Once the relevant documents are retrieved, integrate the LLM component to generate responses. Use LangChain’s chaining capabilities to combine the retrieved information with prompts that guide the LLM in generating coherent and contextually appropriate outputs. You can also implement post-processing steps to refine the output, ensuring it meets the desired accuracy and relevance criteria.

Additionally, consider incorporating LangChain’s memory components to maintain context across interactions, enhancing the continuity and relevance of the responses. By carefully implementing these components, you can create a robust system that leverages the strengths of LLMs to deliver accurate, context-aware, and high-quality interactions within your RAG application.

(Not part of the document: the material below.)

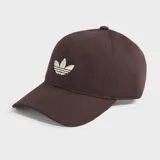 Gorro tipo gorra Adidas modelo Adicolor Classic Trefoil Baseball, color marrón, con visera curvada y el logotipo del trébol bordado en la parte frontal en tono beige.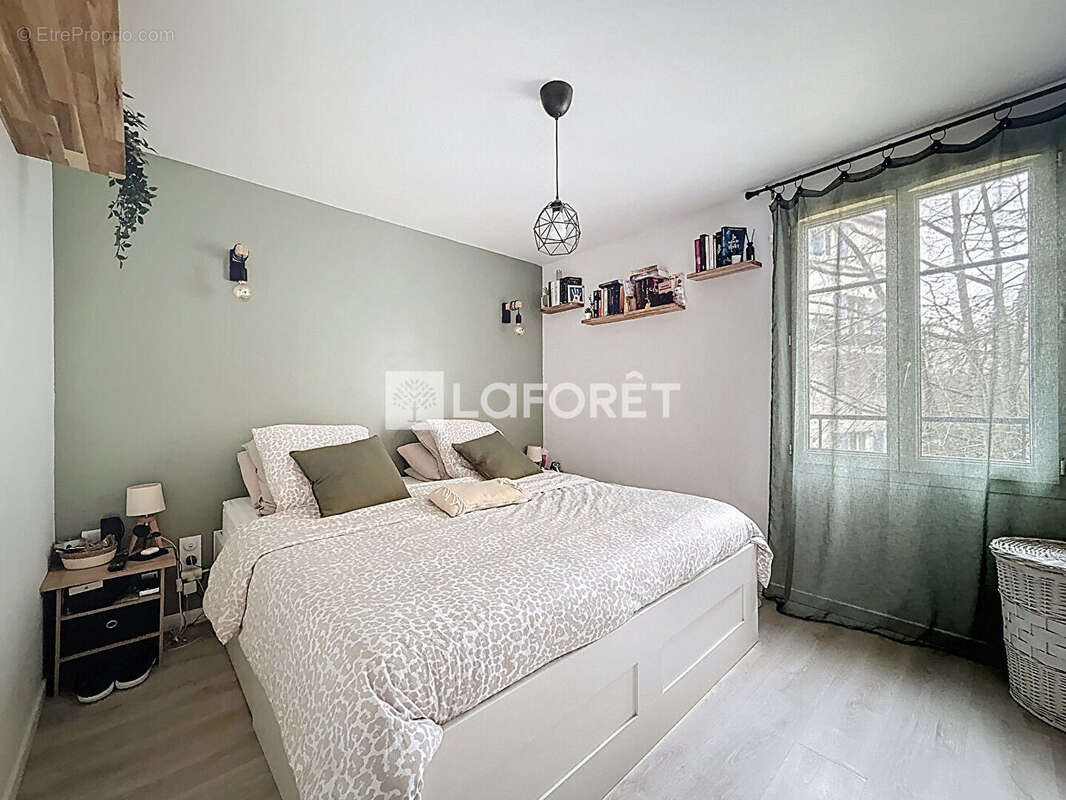 Maison à SAVIGNY-LE-TEMPLE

Create a file called code.py. Here is the code of the same.

Code:

#from dotenv import load_dotenv
#load_dotenv('azure.env')

from promptflow.core import tool
from langchain_core.messages import AIMessage, HumanMessage
from promptflow.connections import CustomConnection
import os

@tool
def my_python_tool(input1: str, chat_history: list, my_conn: CustomConnection) -> str:
    connection_dict = dict(my_conn.secrets)
    for key, value in connection_dict.items():
        os.environ[key] = value
    print(connection_dict)
    from chain import rag_chain
    chat_history_revised = []
    for item in chat_history:
        chat_history_revised.append(HumanMessage(item['inputs']['question']))
        chat_history_revised.append(AIMessage(item['outputs']['answer']))
    return rag_chain.invoke({"input": input1, "chat_history": chat_history_revised})['answer']
 # type: ignore

Develop the application logic and user interface

First create a requirements.txt file. Here we can create a separate virtual environment and run the pip install -r requirements.txt.

Code:

langchain==0.2.6
langchain_openai
python-dotenv

Next step is creating a the Langchain LLM Chain using the new Langchain expression language. For this create a file called chain.py

Code:

import bs4
from langchain_community.document_loaders import WebBaseLoader
from langchain_core.output_parsers import StrOutputParser
from langchain_core.runnables import RunnablePassthrough
from langchain_text_splitters import RecursiveCharacterTextSplitter
from langchain_openai import AzureChatOpenAI
from langchain_community.vectorstores.azuresearch import AzureSearch
from langchain_openai import AzureOpenAIEmbeddings, AzureChatOpenAI
from langchain_core.messages.human import HumanMessage
import os

embeddings = AzureOpenAIEmbeddings(
    api_key=os.getenv("AZURE_OPENAI_API_KEY"),
    openai_api_version="2024-03-01-preview",
    azure_endpoint=os.getenv("AZURE_OPENAI_ENDPOINT"),
    azure_deployment="text-embedding-ada-002"
)

llm = AzureChatOpenAI(api_key = os.environ["AZURE_OPENAI_API_KEY"],  
                      api_version="2024-06-01",
                      azure_endpoint = os.environ["AZURE_OPENAI_ENDPOINT"],
                      azure_deployment= "gpt-4o",
                      streaming=False)

index_name: str = "llm-powered-auto-agent"
vector_store: AzureSearch = AzureSearch(
    azure_search_endpoint=os.environ["ACS_ENDPOINT"],
    azure_search_key=os.environ["ACS_KEY"],
    index_name=index_name,
    embedding_function=embeddings.embed_query,
)

# Retrieve and generate using the relevant snippets of the blog.
retriever = vector_store.as_retriever()


def format_docs(docs):
    return "\n\n".join(doc.page_content for doc in docs)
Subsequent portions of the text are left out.